Ballow's career in fraud came to light after a July
29, 2001, Houston Chronicle report centered on a 1999
Harris County jury award of $8.5 million in damages to
Sandefer and his former oil firm partner, Steve Smith,
against Ballow.
The two spent $2.5 million trying to collect that judgment.
Private investigators and lawyers they hired uncovered
an international web of sham corporations and brokerage
accounts through which they maintained Ballow conducted
frauds. Court documents alleged that Ballow had more
than $100 million in various accounts and corporations
just between 1999 and 2001.
Four-time convicted felon
Although he lived in an expensive home, owned a yacht and
used a private jet, Ballow once testified in a federal
bankruptcy court that he had no net worth and hadn't had
a checking account in years.
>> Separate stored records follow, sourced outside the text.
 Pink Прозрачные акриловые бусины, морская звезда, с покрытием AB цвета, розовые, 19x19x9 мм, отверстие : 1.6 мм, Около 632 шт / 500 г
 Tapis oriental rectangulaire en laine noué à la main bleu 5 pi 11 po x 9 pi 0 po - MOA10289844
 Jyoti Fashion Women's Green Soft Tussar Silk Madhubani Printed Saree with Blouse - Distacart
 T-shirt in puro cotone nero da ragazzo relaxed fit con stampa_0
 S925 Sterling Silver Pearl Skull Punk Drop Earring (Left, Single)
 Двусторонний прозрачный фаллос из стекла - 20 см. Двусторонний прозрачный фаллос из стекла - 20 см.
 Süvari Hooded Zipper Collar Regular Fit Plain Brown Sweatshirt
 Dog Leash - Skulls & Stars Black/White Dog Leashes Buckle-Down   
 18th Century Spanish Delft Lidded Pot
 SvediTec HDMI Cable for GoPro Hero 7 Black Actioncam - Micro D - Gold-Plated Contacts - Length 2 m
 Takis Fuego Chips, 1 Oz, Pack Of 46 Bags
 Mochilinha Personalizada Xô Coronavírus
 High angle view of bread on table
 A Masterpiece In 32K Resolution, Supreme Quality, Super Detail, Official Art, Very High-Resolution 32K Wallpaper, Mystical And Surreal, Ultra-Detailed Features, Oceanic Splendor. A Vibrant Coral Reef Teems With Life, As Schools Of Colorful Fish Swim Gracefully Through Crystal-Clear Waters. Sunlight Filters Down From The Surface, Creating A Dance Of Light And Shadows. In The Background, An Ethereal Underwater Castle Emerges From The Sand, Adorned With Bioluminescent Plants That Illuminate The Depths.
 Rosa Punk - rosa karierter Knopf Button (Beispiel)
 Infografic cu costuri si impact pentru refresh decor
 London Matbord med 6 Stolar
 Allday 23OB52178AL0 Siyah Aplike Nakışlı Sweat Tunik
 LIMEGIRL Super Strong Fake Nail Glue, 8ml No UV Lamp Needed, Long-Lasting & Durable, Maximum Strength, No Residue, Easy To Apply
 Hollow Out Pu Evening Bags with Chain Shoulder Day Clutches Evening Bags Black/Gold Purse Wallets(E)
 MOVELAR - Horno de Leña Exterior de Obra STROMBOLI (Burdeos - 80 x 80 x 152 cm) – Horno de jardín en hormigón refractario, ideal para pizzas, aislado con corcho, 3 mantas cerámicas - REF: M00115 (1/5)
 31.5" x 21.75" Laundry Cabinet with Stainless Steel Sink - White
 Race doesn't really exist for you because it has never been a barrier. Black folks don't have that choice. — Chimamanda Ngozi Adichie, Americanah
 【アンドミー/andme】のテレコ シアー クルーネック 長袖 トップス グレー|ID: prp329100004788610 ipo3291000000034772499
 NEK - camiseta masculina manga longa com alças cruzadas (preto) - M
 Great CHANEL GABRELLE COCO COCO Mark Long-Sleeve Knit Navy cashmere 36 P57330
The Internal Revenue Service
told that court it had no records of him.
Ballow is a four-time convicted felon, according to
SEC documents.
His only prison term came after an Alabama federal grand
jury indicted him in 1988 for a telephone sales scam
in which he and others told people they had won vacations
in Mexico and could make reservations by sending $100.
No one got vacations. In a plea deal, Ballow admitted
to three offenses and was sentenced to five years on
each. He served 19 months in federal prison before being
paroled.
Hittner last week declined to comment on Ballow's release.
Although his was the final order allowing Ballow's release,
Hittner severely chastised federal prosecutors and defense
attorneys after Ballow failed to come to court for sentencing.